Source records
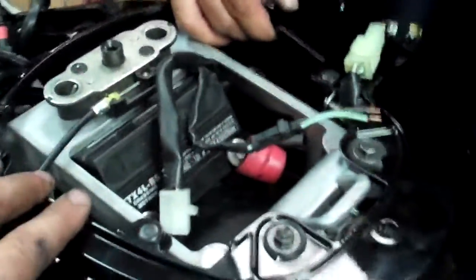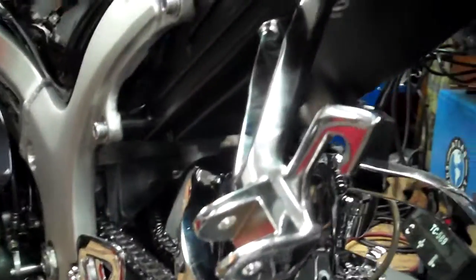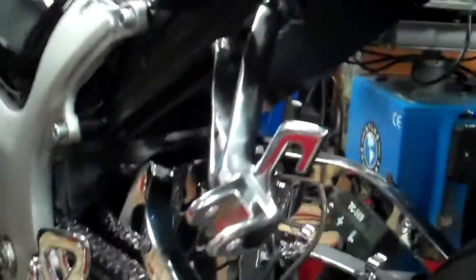This is a Gixxer 1000 conversion on a Gen 1 Busa, set up with a 24-volt system with dual batteries. Just like any part that is supposed to be bolt-on, so far none of it has really been bolt-on. There has been some trimming with the pegs and some of the other stuff.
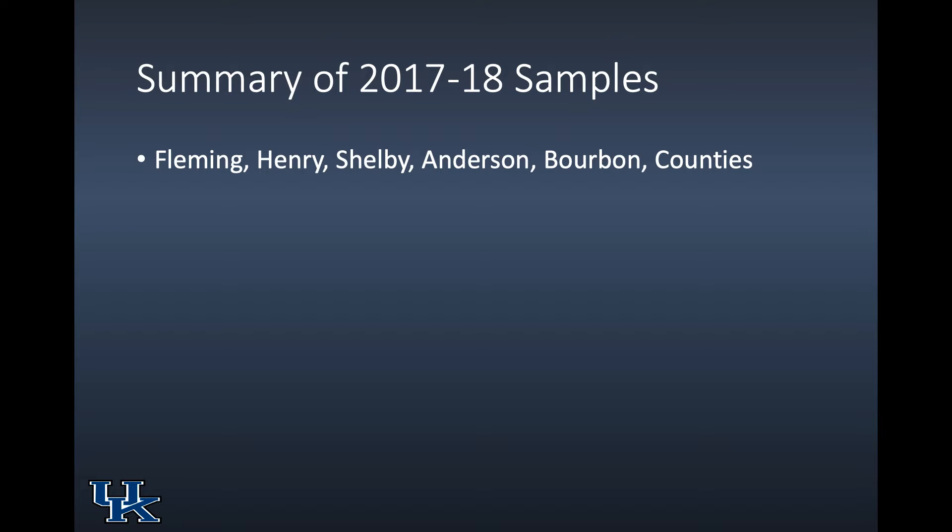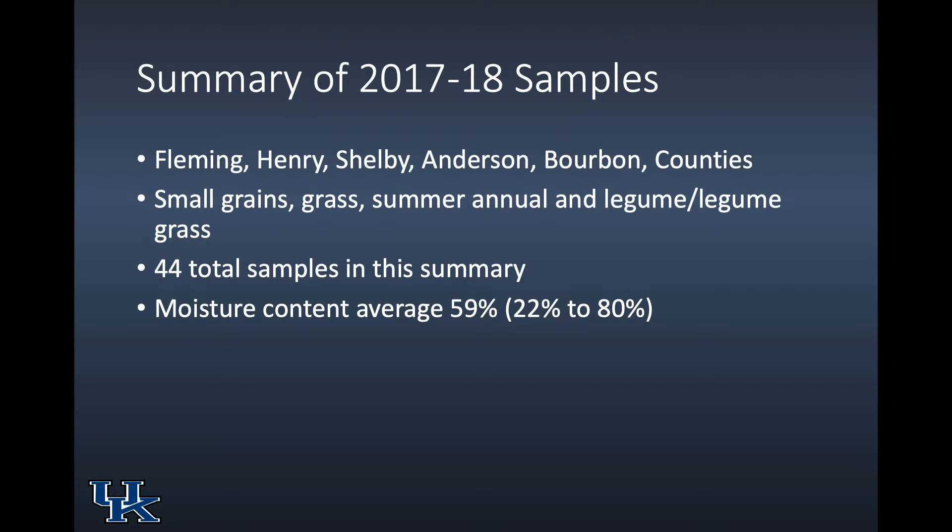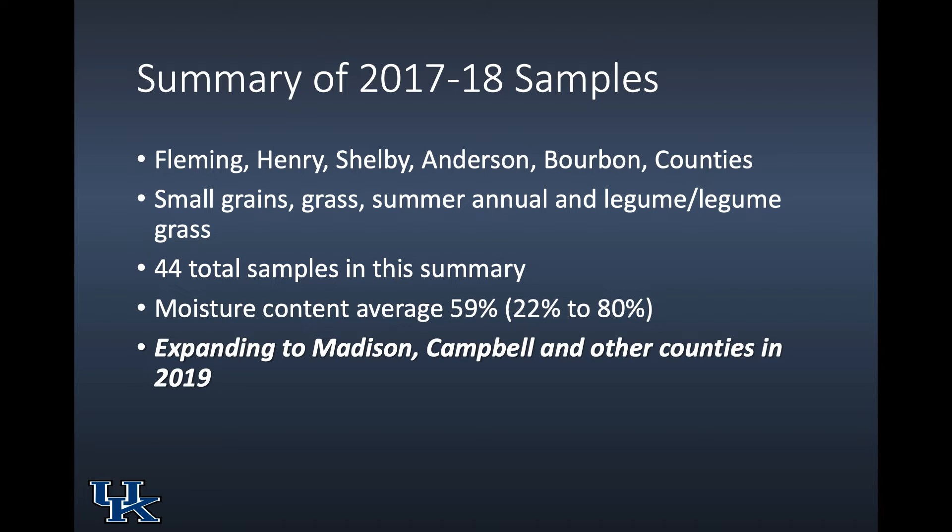I'm going to present the summary of the 2017–2018 data — we're still doing this. The data comes from Fleming, Henry, Shelby, Anderson, and Bourbon counties. There's a wide range of crops, from small grains all the way to alfalfa and alfalfa-grass cut and baled after Thanksgiving. 44 samples total. Moisture content average was 59%, ranging from 22% to 80%. We're expanding this — we sampled some of Kevin's silage in Campbell County this year.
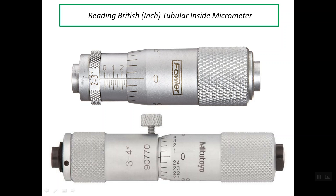Good evening. My presentation is about reading British or inch tubular inside micrometers. Here we have two inside micrometers with the British system. The top micrometer has a range of 2 to 3 inches, and the lower inside micrometer has a range of 3 to 4 inches.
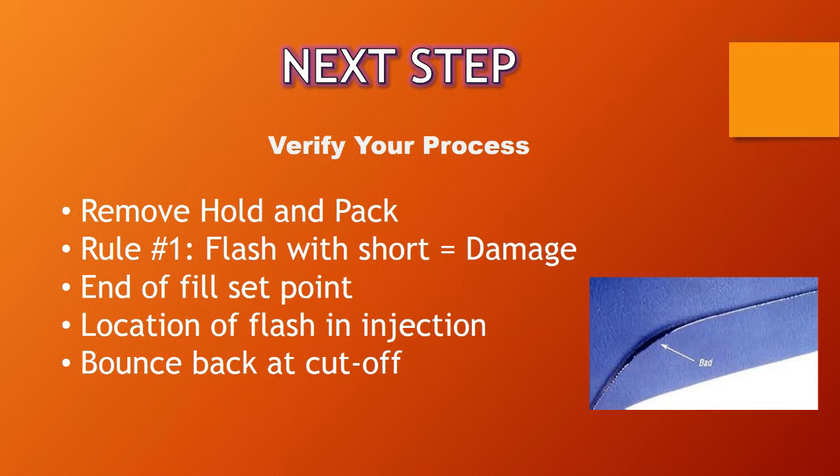You're also going to want to look at your end of fill set point and verify that the fill is proper. If the part is completely filling out and you've removed hold and pack, then you know you're actually filling too far. Also, look at the location of the flash within the injection profile. If the flash is occurring over and over in the same place within the injection profile — say two-thirds of the way through your injection — it might be something you can correct within your injection profile by slowing down injection as you flow through that area of the part.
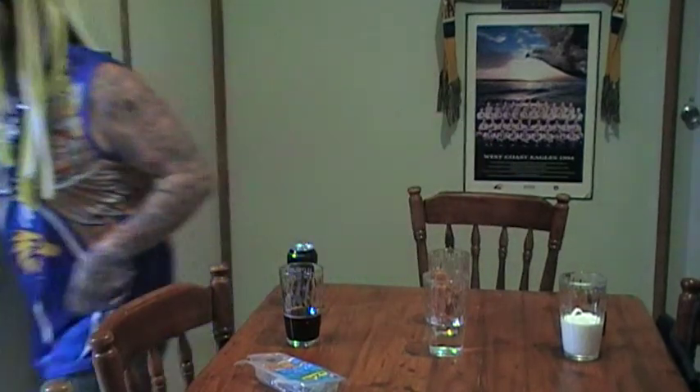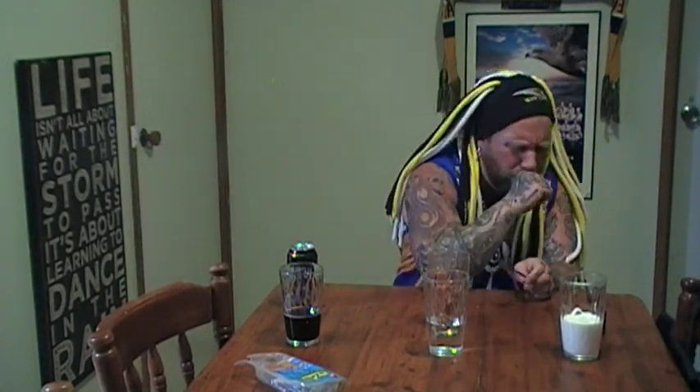Oh geez. I don't know how many of these hot dogs I'm going to get down but we're going to try this. I'm not using a fork — we'll get some food. Devil spit. Devil spit. Oh jeez. Alright, here we go — World's First Hot Dog Challenge. Don't quote me on that.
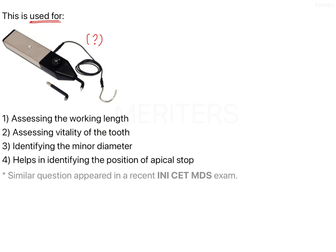Getting back to our question, we now know that the instrument shown here is used to perform electric pulp testing — it is an electric pulp tester. Looking at the given options: it is used for assessing the working length — no. It is used for assessing the vitality of the tooth — yes. The third option says for identifying the minor diameter, and the fourth option says it helps in identifying the position of the apical stop. Therefore, the instrument, the electric pulp tester, is used to assess the vitality of the tooth.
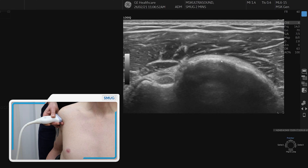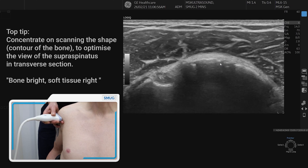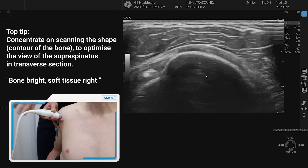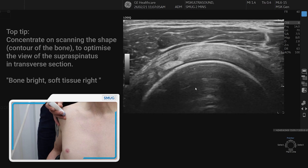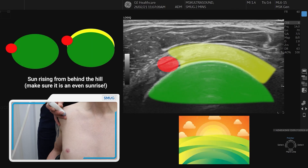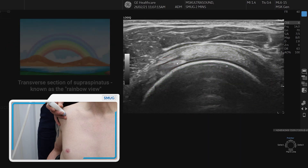Carefully scanning the shape of the bone and ensuring that the bone is kept nice and bright, we bring the probe up and over to visualise the supraspinatus in transverse section, trying to keep the bone bright and seeing a nice parallel band of tendon. Here we can see the supraspinatus in cross section with the long head of biceps to the left.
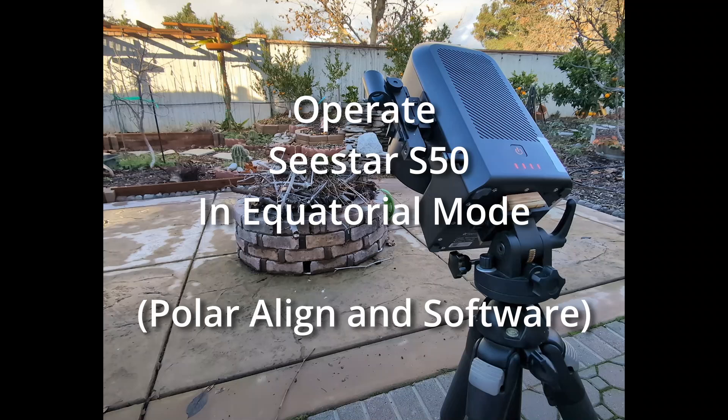Hi, this is Kai. This is hopefully the last part of a series of videos that describes how to convert your SeeStar to run in equatorial mode.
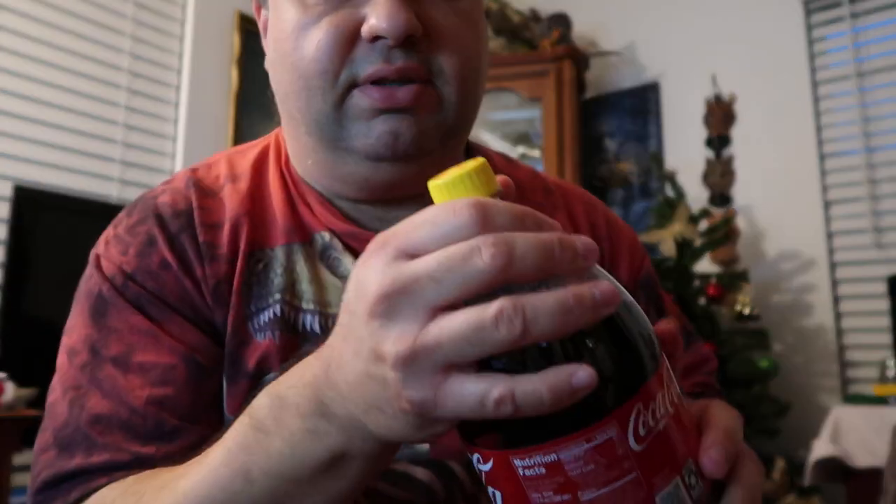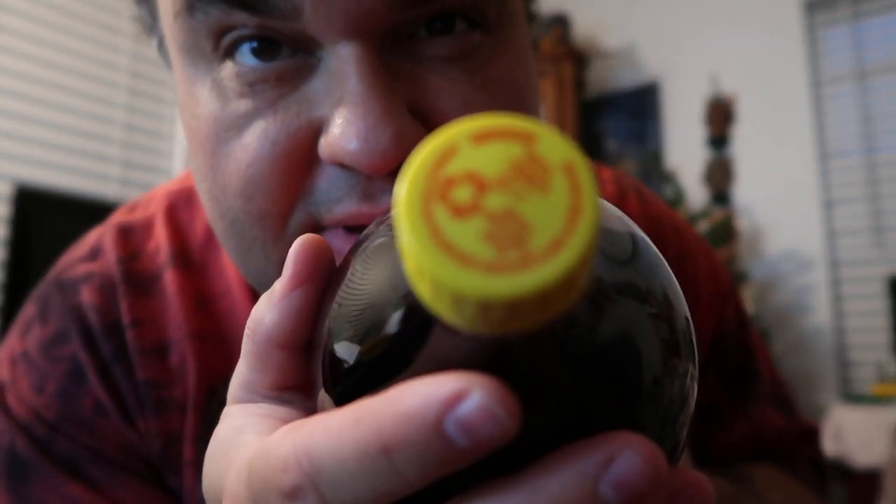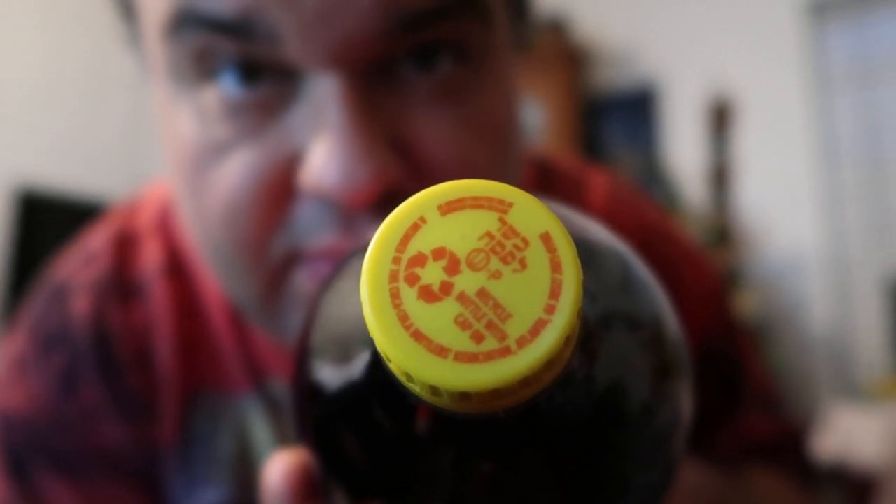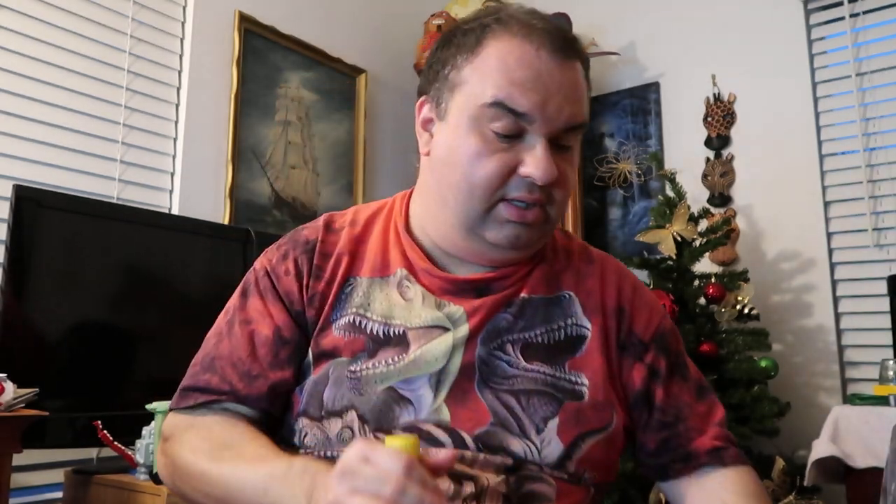One thing I noticed is different this year — I've seen photos from previous years where the label would say 'kosher' on it, but this time the label doesn't say anything different, at least none that I can see. Of course there's the yellow cap, and if you zoom in you can see the kosher symbols. I only know they've ever done the kosher Coke in two-liter bottles.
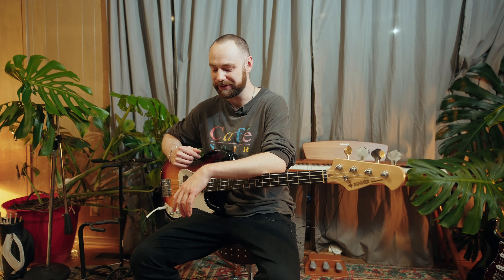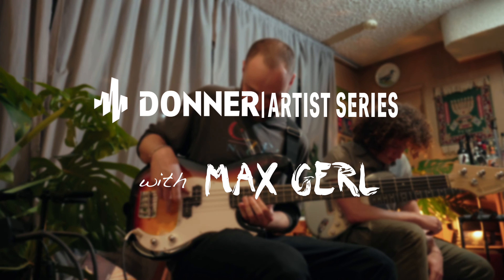Anybody that's choosing the bass, they don't need my advice because they're already the coolest in the room. Hi, my name is Max Gerl. I play the bass.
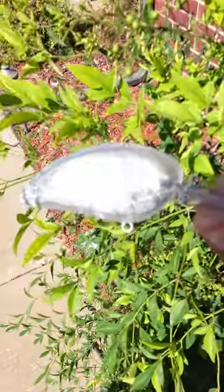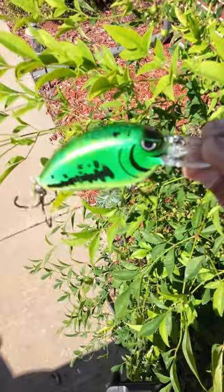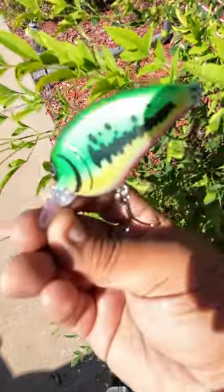OnlyFins back at it again, making some crankbaits. If Little Beauty was painted in our bass color, we used paint from the airbrush and water transfer paper to add the pattern.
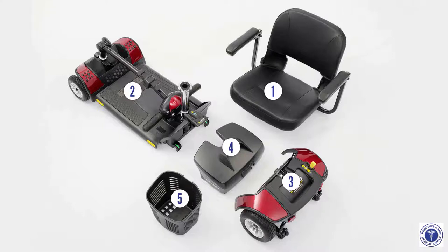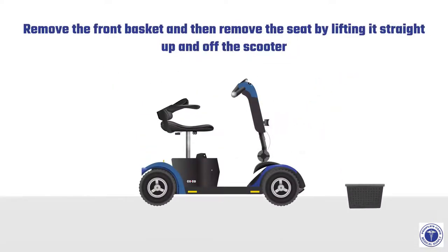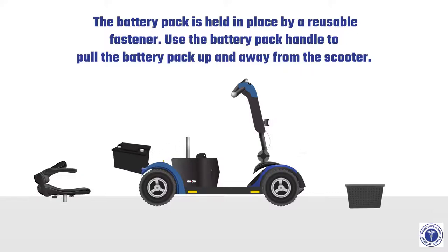Before disassembling the scooter, remove the key and place the manual freewheel lever in the backward drive position. Remove the front basket, then remove the seat by lifting it straight up and off the scooter. Remove the battery pack — it is held in place by a reusable fastener. Use the battery pack handle to pull the battery pack up and away from the scooter.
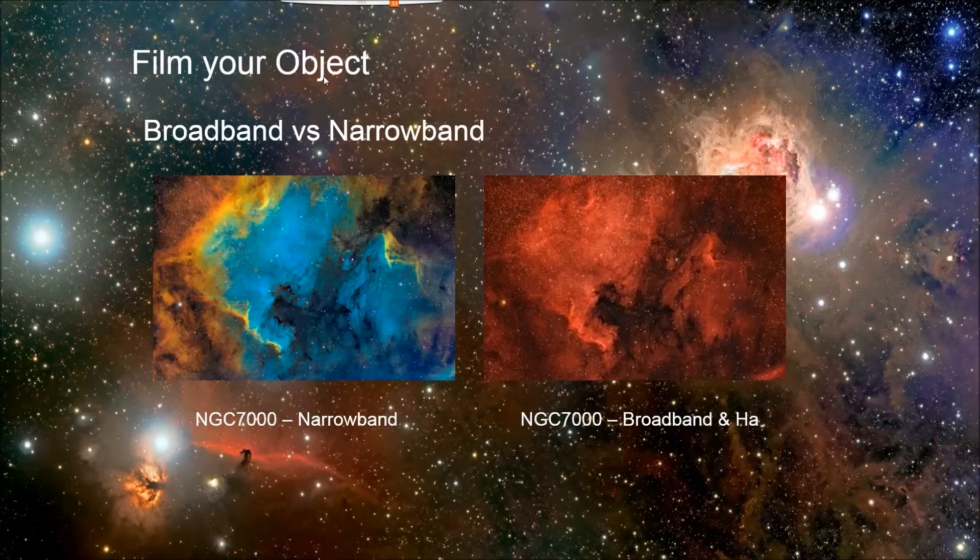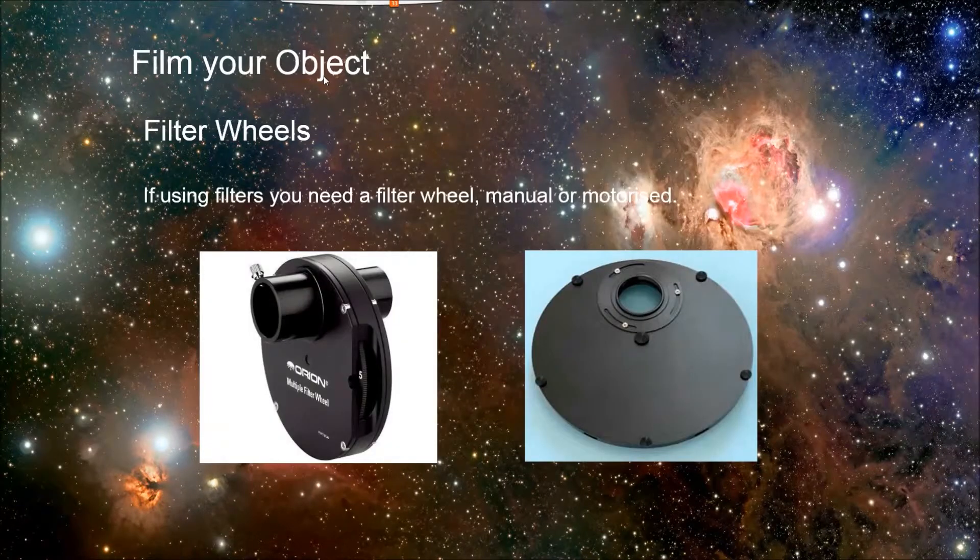Here's some narrowband versus broadband of the same objects, so you can get an idea of what the different techniques could look like. If you've got these filters, you need a way to swap them in and out without taking your camera off the optical train — so there are manual or motorized filter wheels that can hold your filters and swap them in.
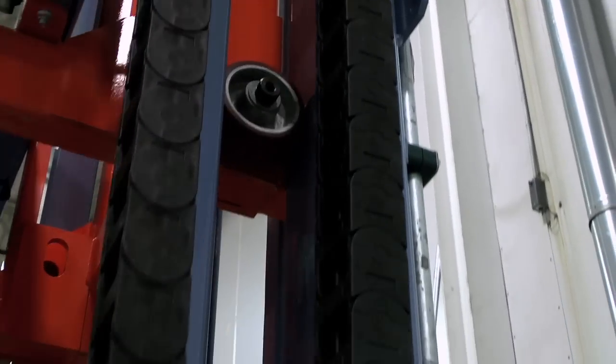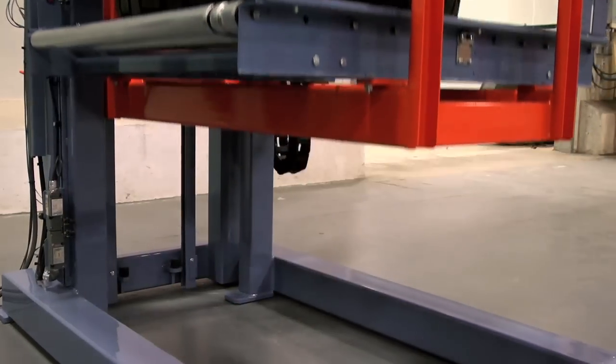On the conveyor on the lift, that's driven by a motorized drive roller and it's actually reversible so it can be used as a C style lift or a Z style lift.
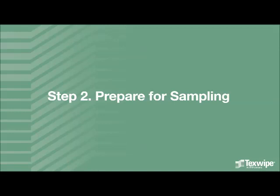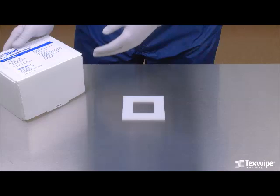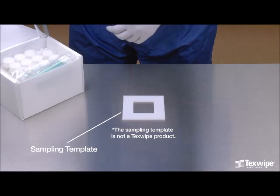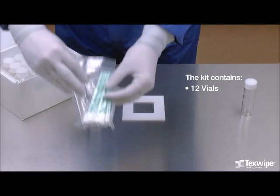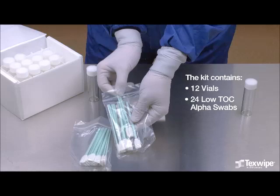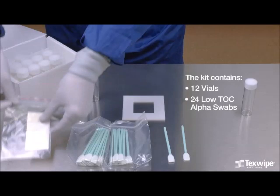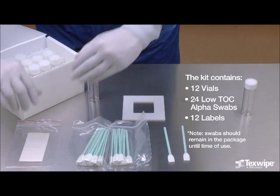Step 2: Prepare for Sampling. The TX3340 TOC Cleaning Validation Kit will be used for demonstration. Each box is individually lot coated. A sampling template is used to define the sampling area. Please note, the template is not a part of the kit. The kit contains 12 vials. The first vial will be used for the low TOC water to wet the sampling swabs. The second vial will be used to place the swabs in after sampling. The kit also contains 24 low TOC alpha swabs with a notch for easy breaking after sampling. Two swabs are used for one sampling procedure. Note, the swabs should remain in the package until time of use. There is a cleanroom compatible label for each vial in the kit.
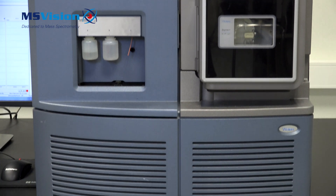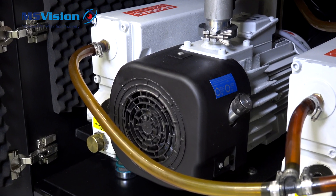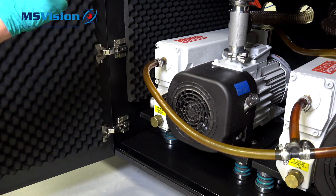Changing the oil in the 65 pump is more or less identical to the SP40 from Labold, which is used on the older versions of the Waters triple quads.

● **Problem to work on**: Copy the data word for word, no pictures.

● **Answer section**:
This is a Gixxer 1000 conversion on a Gen 1 Busa, set up with a 24-volt system with dual batteries. Just like any part that is supposed to be bolt-on, so far none of it has really been bolt-on. There has been some trimming with the pegs and some of the other stuff.
I'm going to present the summary of the 2017–2018 data — we're still doing this. The data comes from Fleming, Henry, Shelby, Anderson, and Bourbon counties. There's a wide range of crops, from small grains all the way to alfalfa and alfalfa-grass cut and baled after Thanksgiving. 44 samples total. Moisture content average was 59%, ranging from 22% to 80%. We're expanding this — we sampled some of Kevin's silage in Campbell County this year.
Good evening. My presentation is about reading British or inch tubular inside micrometers. Here we have two inside micrometers with the British system. The top micrometer has a range of 2 to 3 inches, and the lower inside micrometer has a range of 3 to 4 inches.
You're also going to want to look at your end of fill set point and verify that the fill is proper. If the part is completely filling out and you've removed hold and pack, then you know you're actually filling too far. Also, look at the location of the flash within the injection profile. If the flash is occurring over and over in the same place within the injection profile — say two-thirds of the way through your injection — it might be something you can correct within your injection profile by slowing down injection as you flow through that area of the part.
Oh geez. I don't know how many of these hot dogs I'm going to get down but we're going to try this. I'm not using a fork — we'll get some food. Devil spit. Devil spit. Oh jeez. Alright, here we go — World's First Hot Dog Challenge. Don't quote me on that.
Getting back to our question, we now know that the instrument shown here is used to perform electric pulp testing — it is an electric pulp tester. Looking at the given options: it is used for assessing the working length — no. It is used for assessing the vitality of the tooth — yes. The third option says for identifying the minor diameter, and the fourth option says it helps in identifying the position of the apical stop. Therefore, the instrument, the electric pulp tester, is used to assess the vitality of the tooth.
Carefully scanning the shape of the bone and ensuring that the bone is kept nice and bright, we bring the probe up and over to visualise the supraspinatus in transverse section, trying to keep the bone bright and seeing a nice parallel band of tendon. Here we can see the supraspinatus in cross section with the long head of biceps to the left.
Hi, this is Kai. This is hopefully the last part of a series of videos that describes how to convert your SeeStar to run in equatorial mode.
One thing I noticed is different this year — I've seen photos from previous years where the label would say 'kosher' on it, but this time the label doesn't say anything different, at least none that I can see. Of course there's the yellow cap, and if you zoom in you can see the kosher symbols. I only know they've ever done the kosher Coke in two-liter bottles.
Anybody that's choosing the bass, they don't need my advice because they're already the coolest in the room. Hi, my name is Max Gerl. I play the bass.
OnlyFins back at it again, making some crankbaits. If Little Beauty was painted in our bass color, we used paint from the airbrush and water transfer paper to add the pattern.
Before disassembling the scooter, remove the key and place the manual freewheel lever in the backward drive position. Remove the front basket, then remove the seat by lifting it straight up and off the scooter. Remove the battery pack — it is held in place by a reusable fastener. Use the battery pack handle to pull the battery pack up and away from the scooter.
Here's some narrowband versus broadband of the same objects, so you can get an idea of what the different techniques could look like. If you've got these filters, you need a way to swap them in and out without taking your camera off the optical train — so there are manual or motorized filter wheels that can hold your filters and swap them in.
On the conveyor on the lift, that's driven by a motorized drive roller and it's actually reversible so it can be used as a C style lift or a Z style lift.
Step 2: Prepare for Sampling. The TX3340 TOC Cleaning Validation Kit will be used for demonstration. Each box is individually lot coated. A sampling template is used to define the sampling area. Please note, the template is not a part of the kit. The kit contains 12 vials. The first vial will be used for the low TOC water to wet the sampling swabs. The second vial will be used to place the swabs in after sampling. The kit also contains 24 low TOC alpha swabs with a notch for easy breaking after sampling. Two swabs are used for one sampling procedure. Note, the swabs should remain in the package until time of use. There is a cleanroom compatible label for each vial in the kit.
Changing the oil in the 65 pump is more or less identical to the SP40 from Labold, which is used on the older versions of the Waters triple quads.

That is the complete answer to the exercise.